Providing energy at affordable prices is a challenge and will require all the technology breakthroughs we can bring to bear. It will require investment. And it will require prudent legislation leading to better practices that promote energy efficiency in government, at home, at the office and on the factory floor.

As energy costs rise, there are strong incentives to improve energy efficiency and save money, while reducing air emissions. The dramatic switch to light-emitting diode (LED) bulbs is a good example. Market dynamics have reduced the price of LED bulbs, which can cut energy use by more than 80 percent.

Organic light-emitting diode (OLED) technology is another example and many say it is the “next big thing” in lighting. That’s why companies are investing in new technologies in this area.

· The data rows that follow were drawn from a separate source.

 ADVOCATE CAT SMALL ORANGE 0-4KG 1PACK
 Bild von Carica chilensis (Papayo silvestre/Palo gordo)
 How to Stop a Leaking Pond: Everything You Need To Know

This includes PPG Industries, which recently opened a world-class OLED materials production facility at its Barberton, Ohio, plant. The market for OLED products, including smartphones, televisions and solid-state lighting applications, continues to grow. PPG wants to play a leading role in these technology developments.

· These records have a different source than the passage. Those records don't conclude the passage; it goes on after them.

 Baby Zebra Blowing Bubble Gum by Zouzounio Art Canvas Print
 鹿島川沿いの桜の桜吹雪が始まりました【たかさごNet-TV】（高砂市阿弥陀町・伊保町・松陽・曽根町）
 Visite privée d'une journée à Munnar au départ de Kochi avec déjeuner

More and more, private and public interests must pull together in a determined and unified way to develop energy-saving technologies and materials. Collaboration and cooperation can make great things happen. It can lead to new opportunities for innovation, new markets, new partnerships, growth, prosperity and jobs that go with it.

Sensible, pragmatic legislation can help. Fortunately, legislation has been introduced to spur energy efficiency across America. It’s bipartisan, entirely voluntary for the private sector and would not add to the deficit.

The Energy Savings and Industrial Competitiveness Act, introduced by Sens. Rob Portman (R-Ohio) and Jeanne Shaheen (D-N.H.), would make it easier for the private sector to voluntarily apply energy-efficient motor and transformer technologies. The U.S. government  — the country’s largest (and some would say most profligate) energy consumer — would employ energy-saving technologies and practices to work to save taxpayer dollars. Federal agencies would use existing funds to update plans for new federal buildings with the latest building efficiency standards.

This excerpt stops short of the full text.